To a certain extent some of the lectures have been extended, and all have been revised; but they substantially keep the lecture form, which, in respect of some past experience, I trust will be more conformable to the general reader's convenience than it has been to my own bookish prejudice. I have attempted to increase the value of the book so far as may be by adding a number of references and elucidations. This has been done more particularly in the section on Carlyle, for the reason that that section stands the greatest chance of exciting opposition, and so most needs to be backed by evidence and testimony.
have elsewhere contended that one of the greatest needs in literary criticism is the comparison and analysis of conflicting judgments, after the example set in the physical sciences; and this will hold good of criticism of characters and doctrines as well as of the discussion of asthetic qualities. Despite attacks made on this view, I can only regret that want of leisure and consequent want of knowledge have hindered me from more fully annotating many points in these papers.
In the essay on Emerson, for instance, certain proposi. tions are made as to the spontaneous nature of critical as of other ideas. Only since those pages went to press have I met with the Théorie de l'Invention of Professor Souriau (1881), which handles the whole problem with remarkable freshness and penetration. And here is a new instance of the need of more careful documentary record in mental and moral science: chancing to resume a former examination of the Idéologie of Destutt de Tracy, I find that he had to a large extent made the investigation independently taken up by M. Souriau. Needless to say, there are other writers to be cited in the same connection.

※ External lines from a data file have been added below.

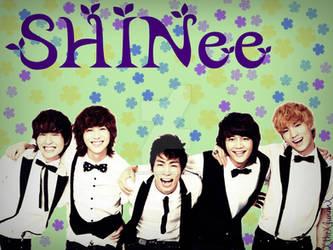 SHINee Wallpaper 3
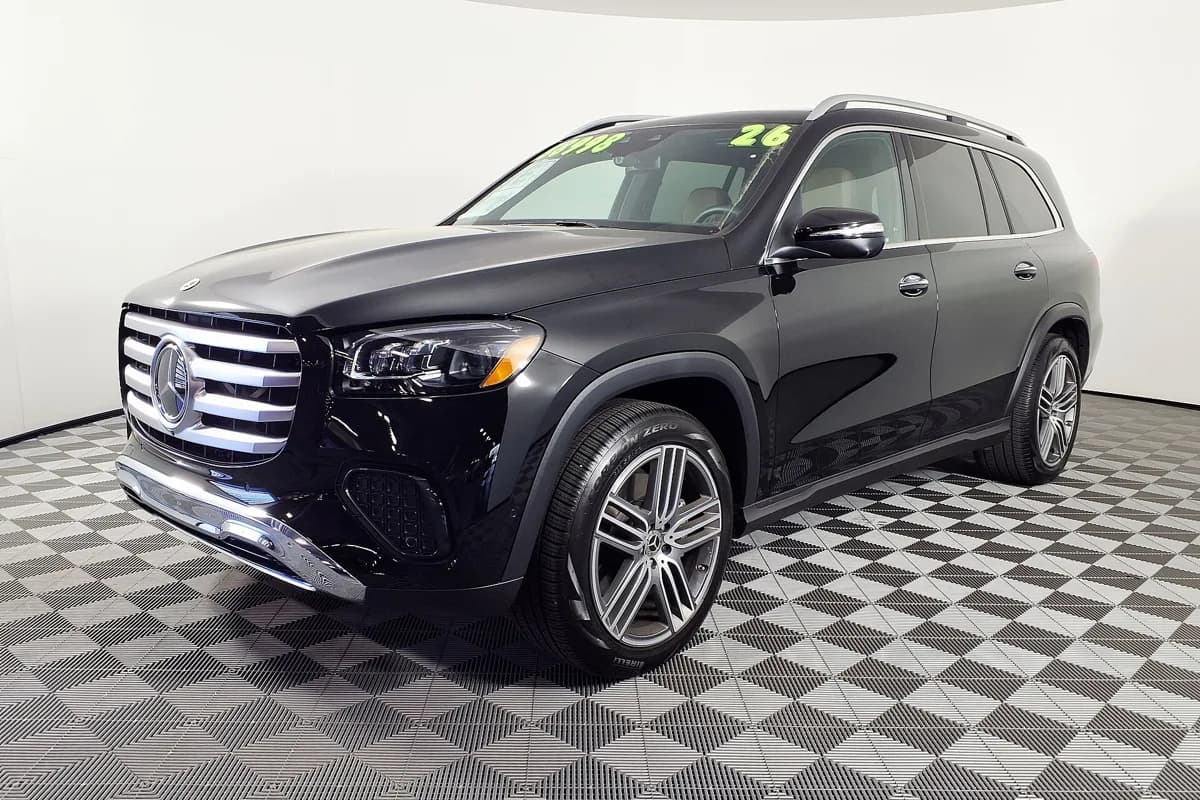 Mercedes-Benz GLS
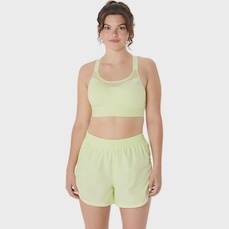 Top Asics Road Combination Feminino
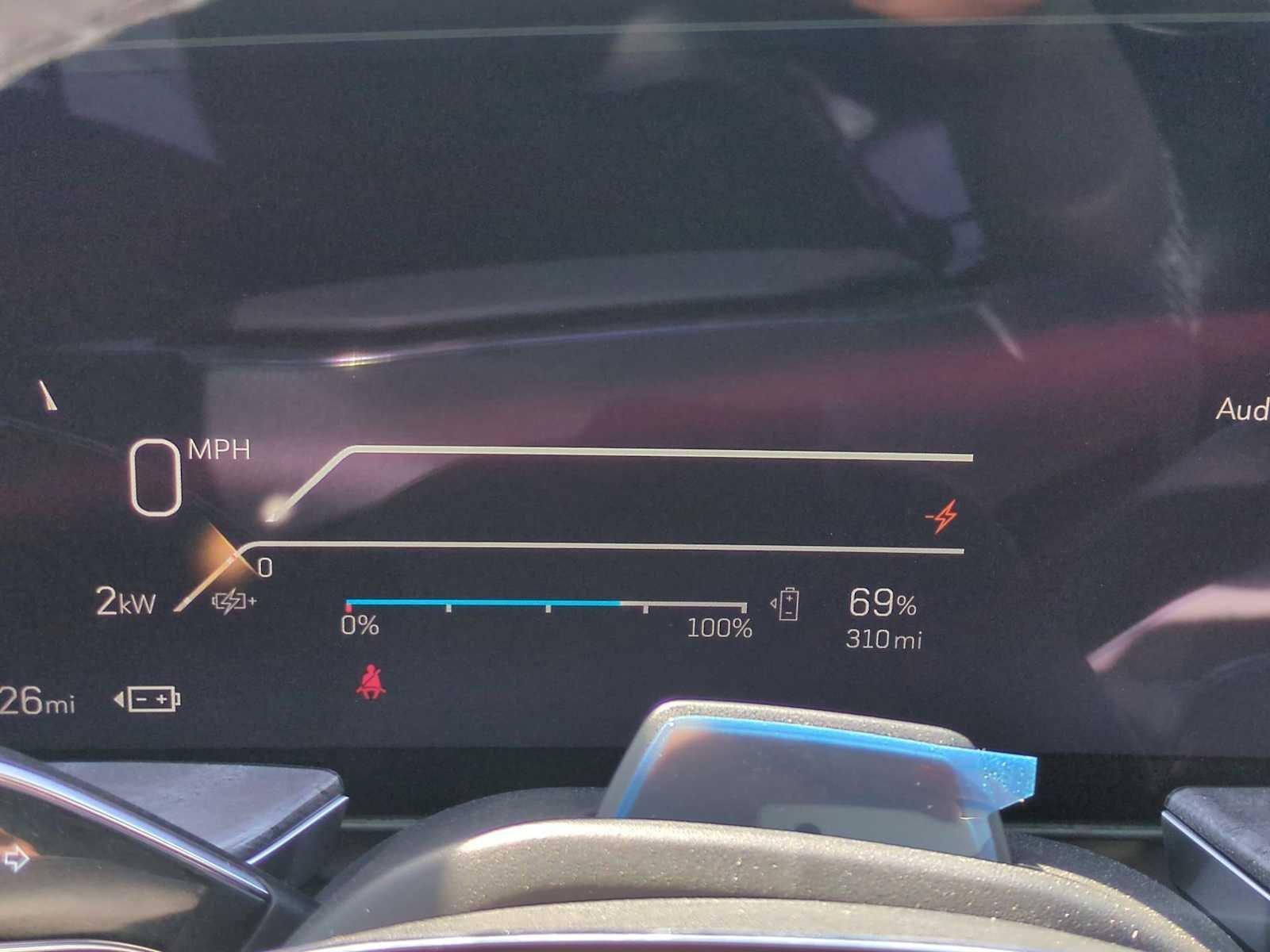 2026 Cadillac Escalade IQ Sport - Photo 17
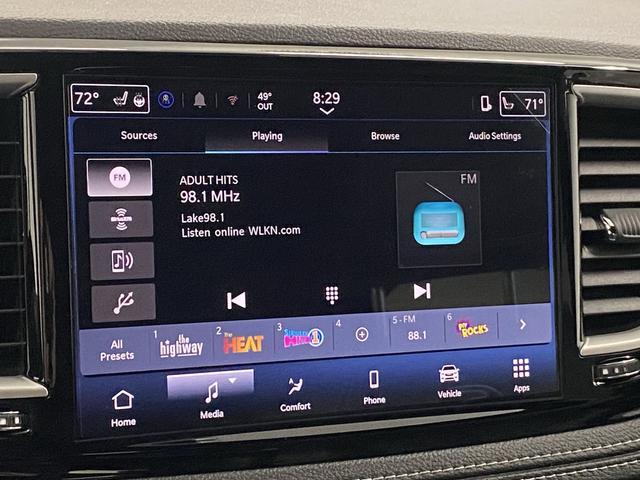 new 2026 Chrysler Pacifica car, priced at $45,450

I have only to express, further, my sense of the inadequacy of the following studies all round, and of one or two in particular. In the essay on Emerson I now note an omission to dwell on valuable points in his teaching which I had formerly acknowledged. Lack of due leisure caused other oversights. But to remedy all would have been to make each section into a treatise ; and I fancy I do better to keep nearly within those limits which, at least, secured an audience for the lectures.